Symmetry in type systems

Type systems exhibit a certain symmetry that causes almost all features to be duplicated. For example: sums & products, covariance & contravariance, unions & intersections, universals & existentials, exstensible records & extensible variants, etc. In each case you can transform one into the other with callbacks (continuation passing).

Even a function type like int -> string is made up of two parts. If we see a type annotation E(v : int -> string), that is saying two things: (1) the value v, when given an int, will produce a string (2) the continuation E will only call v with an int, and will be happy to get a string in return. The type annotation is not just constraining what the value can be, but also what the continuation can be.
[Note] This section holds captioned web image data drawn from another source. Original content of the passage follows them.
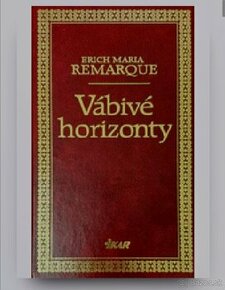 Erich Maria Remarque - Vábivé Horizonty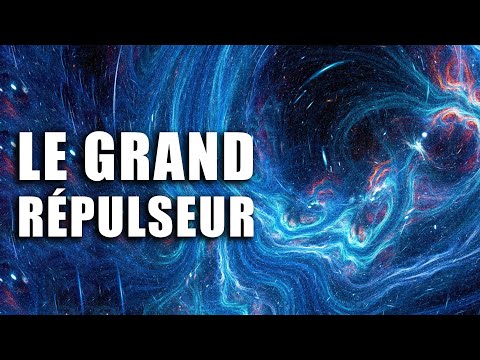 Le GRAND RÉPULSEUR - Ce VIDE qui semble repousser toute la ...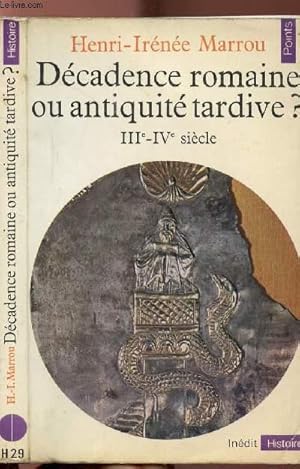 Image du vendeur pour DECADENCE ROMAINE OU ANTIQUITE TARDIVE ? - IIIE - IV E SIECLE- COLLECTION POINTS HISTOIRE NH29 mis en vente par Le-Livre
What should I read to understand this two-sidedness better? Some question I have are: in physics when there is symmetry in a problem, it can often be eliminated to make the problem simpler. Can the symmetry in type systems be eliminated? For example you can imagine a purely CPS language where you have a type K(T) that represents a continuation that takes a T. Then you have K(A + B) = K(A) x K(B), and similar for other types. For function types you have A -> B = K(A x K(B)). K essentially flips the constraints around: the constraints that were laid on the value are now laid on the continuation and vice versa. Has this been explored? What should I read?
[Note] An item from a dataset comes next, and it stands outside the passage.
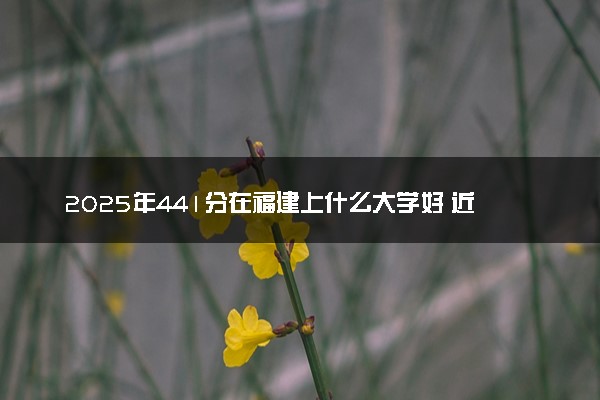 2025年441分在福建上什么大学好 近三年录取分数线是多少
Another question is: does it make sense to separate the two pieces of a type? For example does it make sense to have a function type that only says "when given an int, v produces a string" but does not guarantee that the continuation will only call it with an int (perhaps in combination with other features like intersection and union)? Does this two-sidedness arise in other languages, like logic languages, where it's not so clear what are inputs and what are outputs?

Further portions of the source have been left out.